②・③については仕事中の事故も補償されることもあるが、通勤途中の事故について①が補償されるかどうかは場合による。事故発生時には加入している(する)保険会社に確認が必要となる


高額賠償になったケースは?

自転車は道路交通法上、自動車と同じ「車両」となるので過失割合なども考慮され、賠償額も自動車と同じ基準で算定される。実際に高額賠償となった例をみてみよう。

〈賠償例ケース①〉
男子小学生(11歳)が夜間、帰宅途中に自転車で走行中、歩行中の女性(62歳)と正面衝突。女性は頭蓋骨骨折の傷害を負い、意識が戻らない状態となった。男子小学生の保護者に9521万円の支払いを命ずる判決が下った(神戸地方裁判所、2013年7月4日判決)

〈賠償例ケース②〉
男性が昼間、信号表示を無視して高速度で交差点に進入、青信号で横断歩道を横断中の女性(55歳)と衝突。女性は頭蓋内損傷等で11日後に死亡した。男性に5438万円の支払いが命じられた(東京地方裁判所、2007年4月11日判決)

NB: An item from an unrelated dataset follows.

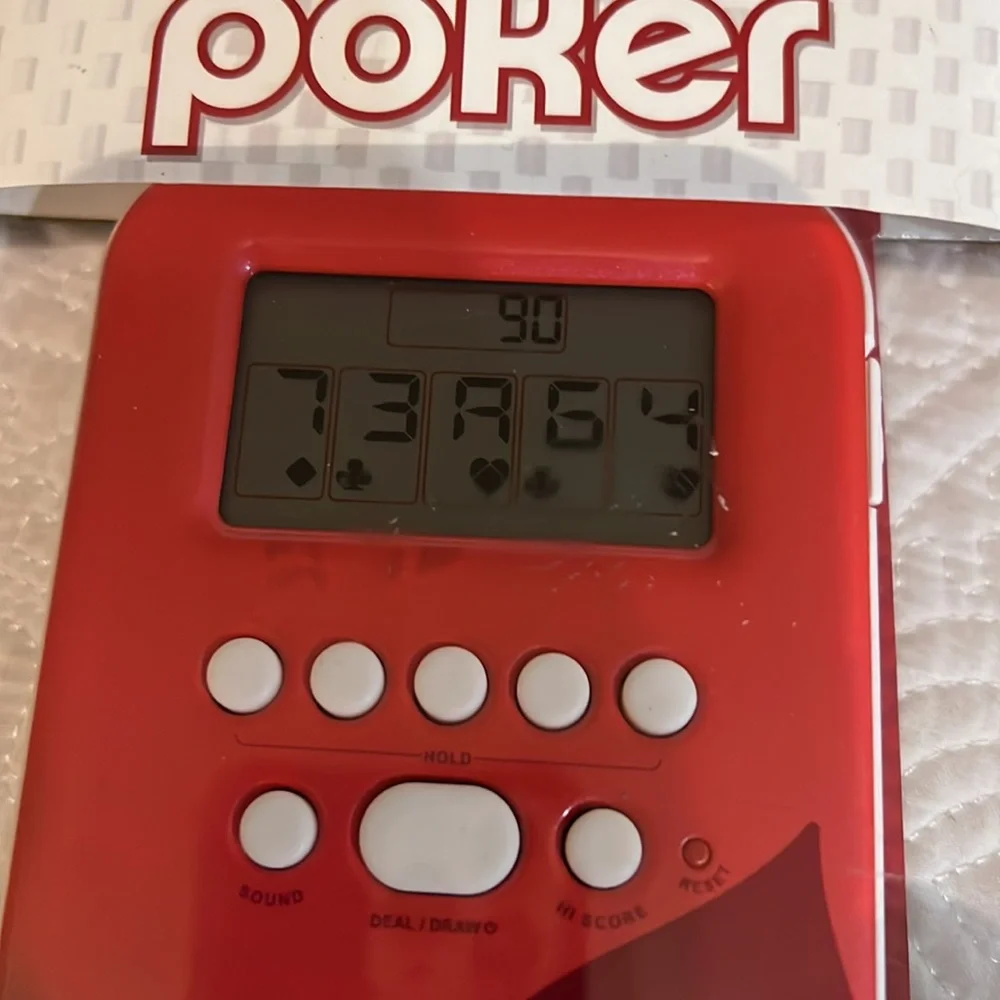 Radica poker lighted game, new in package‎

いずれも数千万円の高額賠償となっており、加害者が支払えない場合差し押さえや自己破産に追い込まれる可能性もある。そこで企業や学校では通勤・通学時に自転車を利用する人に賠償責任保険の加入を義務付けるところも出てきた。兵庫県では、2015年4月1日自転車購入者に対して賠償責任保険への加入を義務とする条例案を施行し、10月1日から義務化されている。